LSTM model structure

The results showed that LSTM with a fully connected neural network had better performance than normal LSTM. Moreover, removing stop words increased the G-mean value of the testing data for all datasets. For the medical records dataset, LSTM with Fully connected Neural network gives the best G-mean value when words with low MI (bottom 5%) and low frequency (frequency < 2) together are considered stop words. If we set the stop words to be the words with low frequency (frequency < 2), then it reduces the training time (shown in Table 6) and increases the performance of the LSTM model. Moreover, LSTM with the feed forward fully connected neural network model uses less time for training than the LSTM model, because it has a faster convergence.
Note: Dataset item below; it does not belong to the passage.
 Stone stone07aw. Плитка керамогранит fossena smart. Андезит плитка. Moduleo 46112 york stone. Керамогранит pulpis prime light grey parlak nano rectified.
Table 6 The time of data preprocessing + models training and testing of each model (second). Run on data science server at Chiang Mai University, Thailand (LINUX VPS, RAM 16 GB, CPU INTEL CORE i9, GPU 2080TI 11GB)

Conclusion

This research used the LSTM model with fully connected neural network for dengue fever and influenza detection. Text of symptoms and other features including age, body temperature, gender, and month of service were used for input data. The results showed that the LSTM with the fully connected neural network model had higher performance than the normal LSTM model. In addition, removing unimportant keywords from the dataset and also increased their performance.